I wondered if some “line drives” of the past were simply fly balls that landed for hits, while outs were labeled “flies.” I don’t actually know if that’s true, if the process where line drives/fly balls are defined has been altered, but I decided to take a look at combined “air-ball” BABIP to see if it has changed over time. So here is the BABIP on all non-ground balls:

2017 0.324
2016 0.335
2015 0.339
2014 0.335
2013 0.338
2012 0.339
2011 0.331
2010 0.332
2009 0.340
2008 0.339
2007 0.335
2006 0.343
2005 0.350
2004 0.332
2003 0.349
2002 0.330
Average 0.337

2017 is pretty clearly an outlier, but considering less than half the season’s in the books so far, and I have no idea how “air-ball” BABIP moves over the course of a season (more hits find grass when weather is warmer? no idea), I wouldn’t put too much stock in that just yet. Another option I had considered was that maybe the breakdown of line drives vs fly balls has changed over time.

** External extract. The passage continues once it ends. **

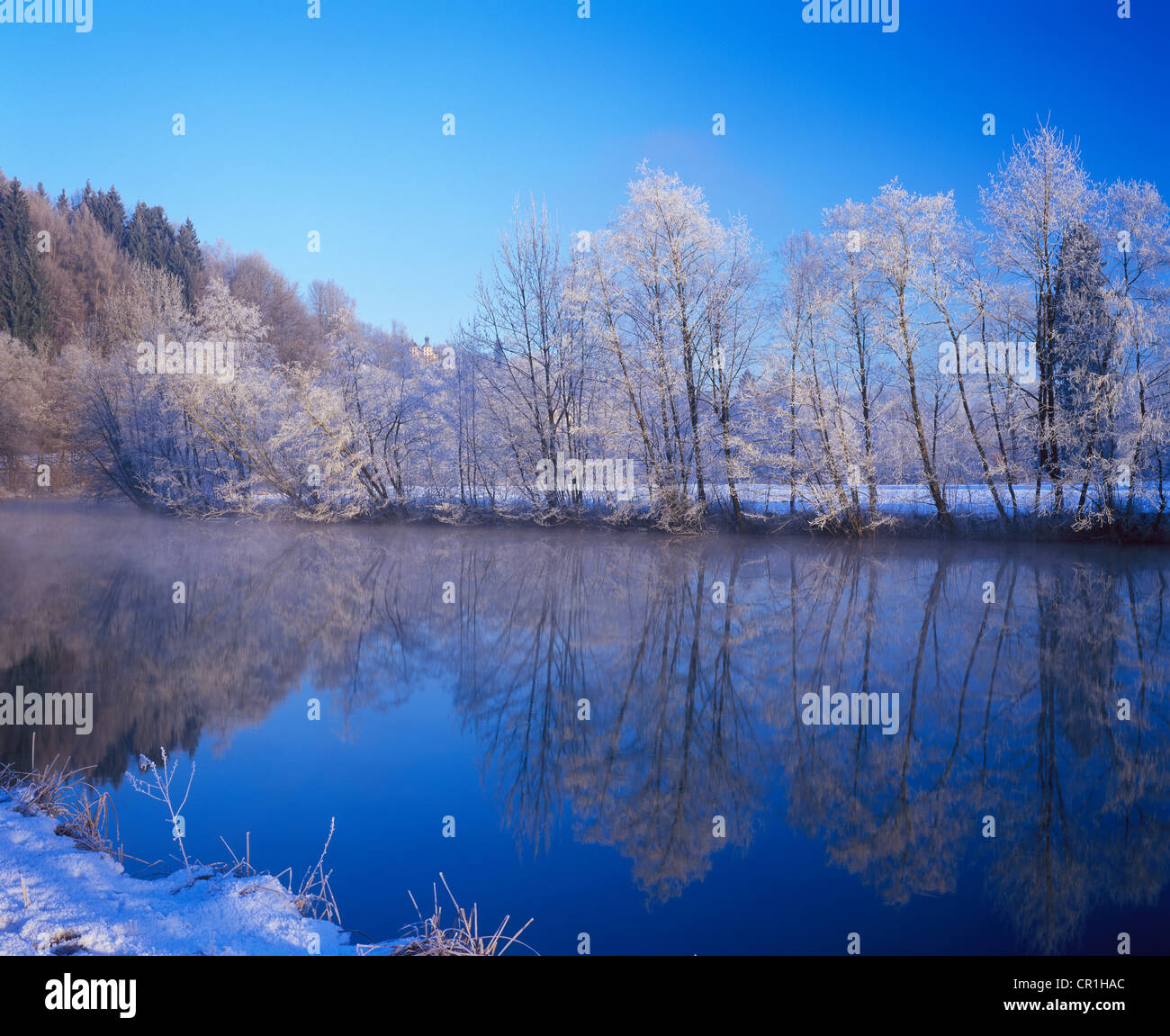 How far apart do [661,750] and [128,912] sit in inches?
147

Since 2002, 36% of air balls have been line drives, and while some years are higher and some lower, there doesn’t seem to be any particular “trend” with respect to that number; the first eight years average 36% and the last eight have as well.

I know the shift has an impact on run scoring in aggregate. But in my opinion, skyrocketing strikeouts and the home-run explosion are the markers of the modern version of this nation’s pastime, not on which side of second base the shortstop stands.